YOUR GOAL. The line containing "Express Dress Shirt" marks the end; return exactly every line from the start of the records up to and including it, but no pictures.

Captioned web image data:
━━━━━━━━━━

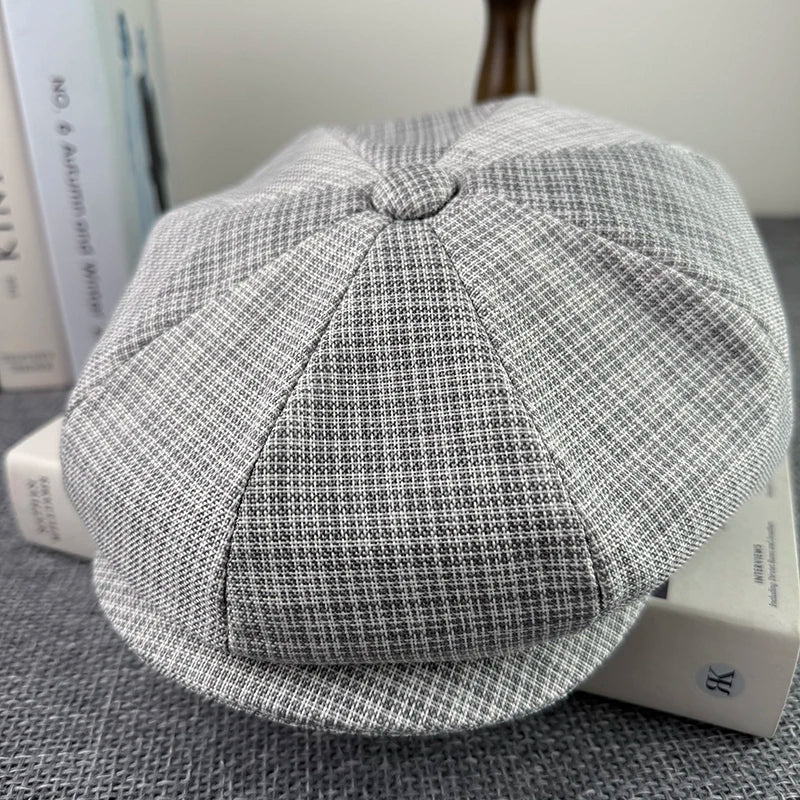 Unisex Textured Linen Newsboy Cap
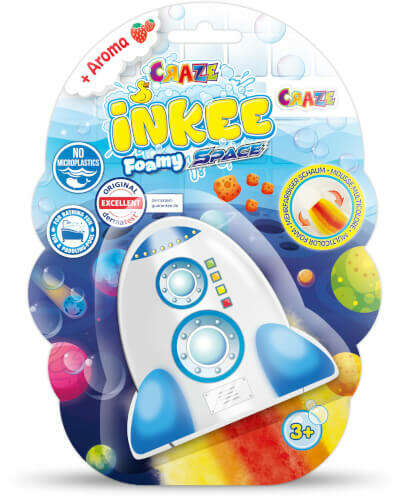 Craze Inkee Foamy Space бомбочка для ванны с ароматом клубники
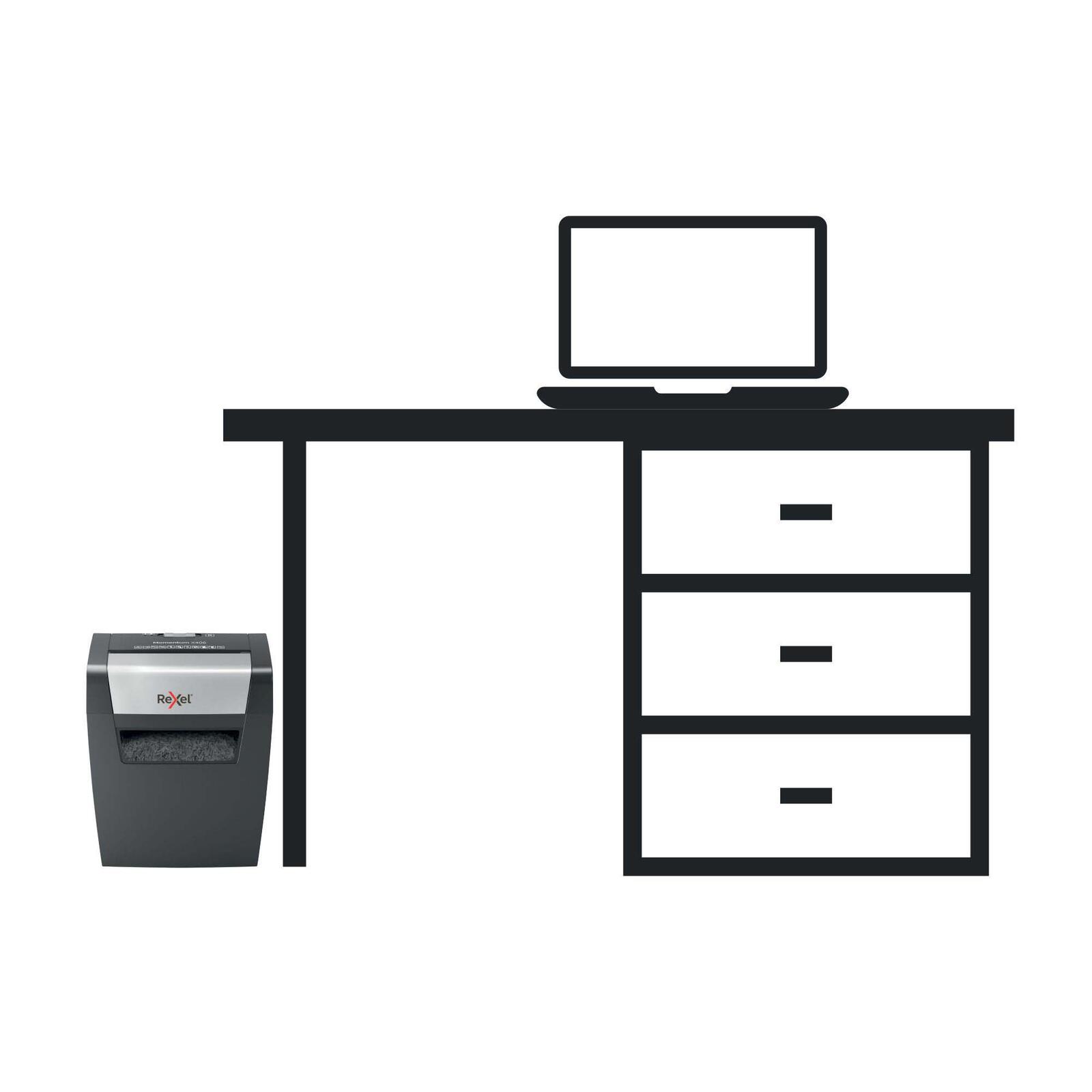 Rexel Momentum X406 Aktenvernichter mit Partikelschnitt bis 6 Blatt schwarz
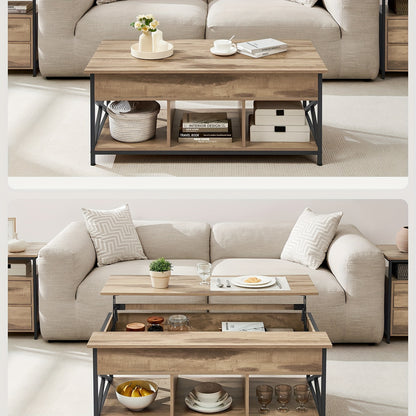 Salontafel – Koffietafel – Tafel – Lounge Tafel – Bijzettafel – Verstelbaar Lift-Top Blad – Opbergvak Met X-Vormige Poten – Donkerbruin Kunsthout – 60x120x48-62 cm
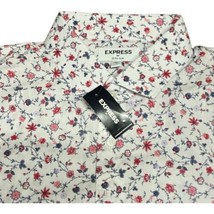 Express Dress Shirt Mens XL White Floral Extra Slim Fit Button Up Tropic... - $58.89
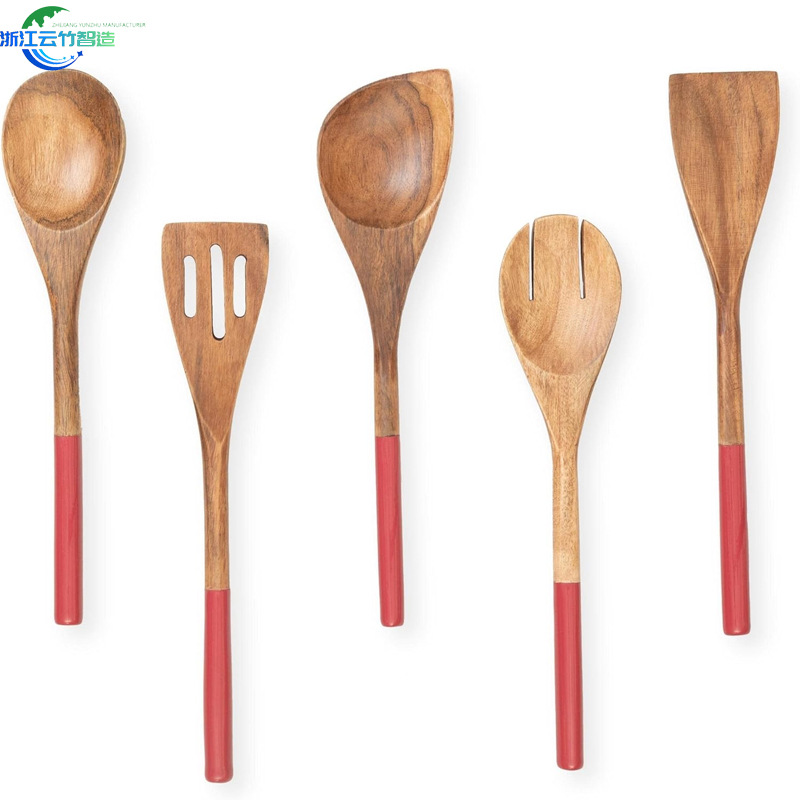 Amazon popular cuchara de madera cocina traje moderno simple antiadherente utensilios de cocina cinco pala herramienta Color opcional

━━━━━━━━━━

OUTPUT OF THE TASK.
 Unisex Textured Linen Newsboy Cap
 Craze Inkee Foamy Space бомбочка для ванны с ароматом клубники
 Rexel Momentum X406 Aktenvernichter mit Partikelschnitt bis 6 Blatt schwarz
 Salontafel – Koffietafel – Tafel – Lounge Tafel – Bijzettafel – Verstelbaar Lift-Top Blad – Opbergvak Met X-Vormige Poten – Donkerbruin Kunsthout – 60x120x48-62 cm
 Express Dress Shirt Mens XL White Floral Extra Slim Fit Button Up Tropic... - $58.89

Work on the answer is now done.